By Donald G. McDermott
President, D.G. McDermott Associates

Today's compensation approaches, like the rest of the business world, are changing rapidly. As a result, the bridge that connects compensation strategy to the overall business strategy may have been weakened by the frequent shifts that characterize business today. Consider the following scenario: Seeing its competitors and peer companies implementing skill-based pay, one company decided to implement a similar system in its own operations-without giving sufficient thought to how the change will help or hinder the company's ability to execute its business strategy. Or consider the opposite scenario: A company reformulates its business strategy without making the necessary changes to its compensation systems. Situations like these are not unique. The pace of change in both business strategy and compensation design are leading many companies to consider and implement changes to one side of the bridge without making changes to align it with the other side of the bridge. As a result, the bridge becomes weaker and is more likely to undermine the overall success of the business.
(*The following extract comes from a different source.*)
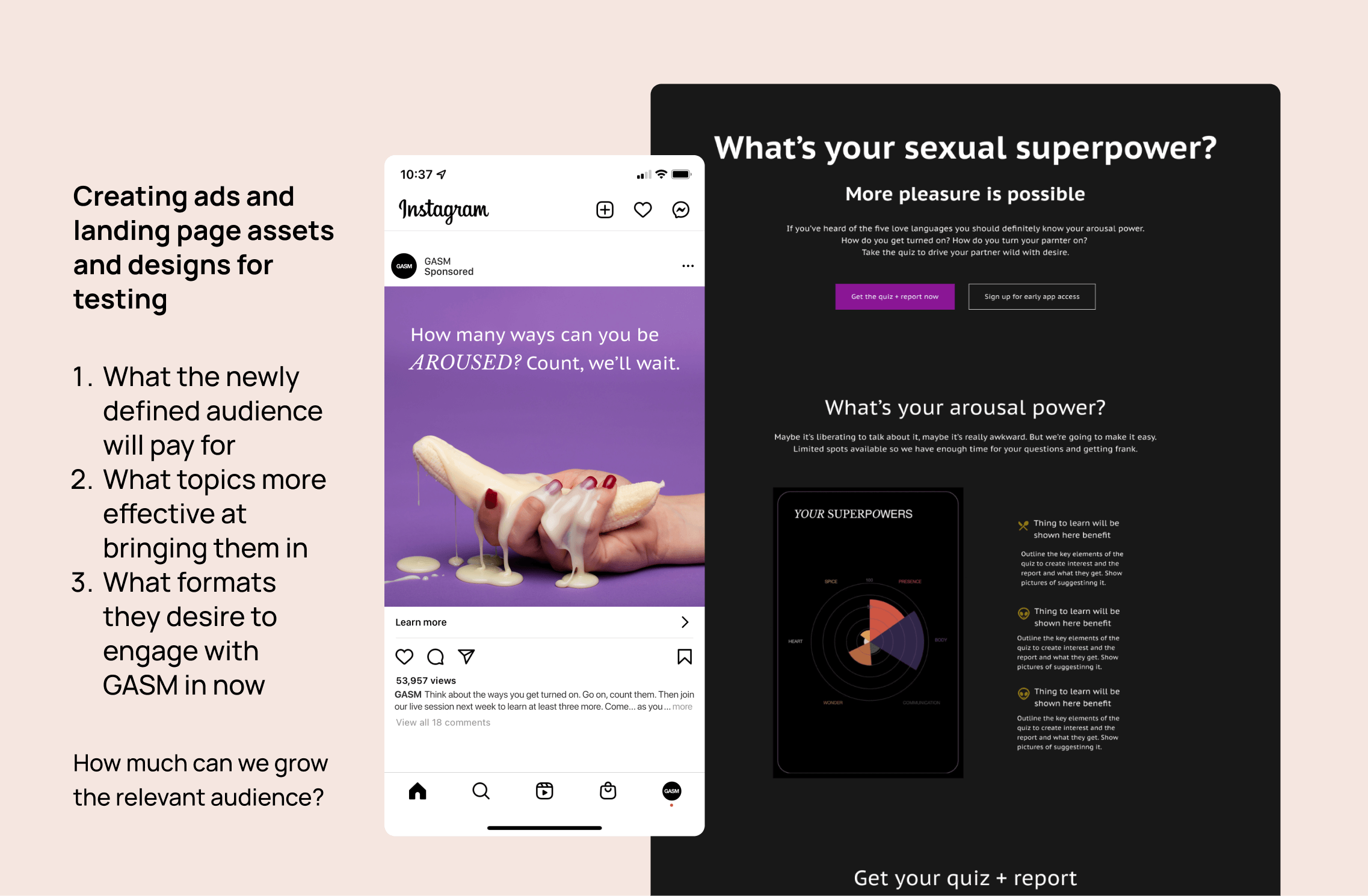 A graphic with a solid pink background showing the mockup I created for the landing page, the Instagram ad, and text explaining why were creating this to test what the new audience would pay for, what they would be more interested in, and in which formats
This article will discuss how companies can periodically examine the alignment of the bridge between business strategy and compensation strategy and then make the necessary changes to address any weaknesses in that alignment. This process encompasses the following key steps:

  • Articulating the company's long- and short-term business strategies and making sure they are aligned with current compensation approaches.
  • Choosing the compensation approach that will best reward and reinforce the company's articulated strategic goals.
  • Periodically evaluating the compensation approach against the business strategy to see if goals have been met and make necessary adjustments.

Articulate the business strategy

To align compensation with the business strategy, a company must first be able to articulate what that business strategy is. After all, in the continuum of the strategic planning process, compensation systems design comes at the end. See Exhibit 1. The reason is this: compensation systems must be designed last to ensure that they are rewarding the types of performance and behaviors that will ultimately allow the company to realize its strategy.

Exhibit 1.

The Strategic Planning Process

Step 1. Using the results to a situation analysis (which identifies the strengths and weaknesses of the company's business processes, organizational behavior, and other systems), as well as the company's mission and philosophy statements, develop a corporate strategy.

Step 2. Using an approach similar to that in Step 1, begin to operationalize the corporate strategy by developing a business strategy plan for business units and departments.

Step 3. Establish job accountabilities and individual assignments so that each employee knows what to do to support the strategy.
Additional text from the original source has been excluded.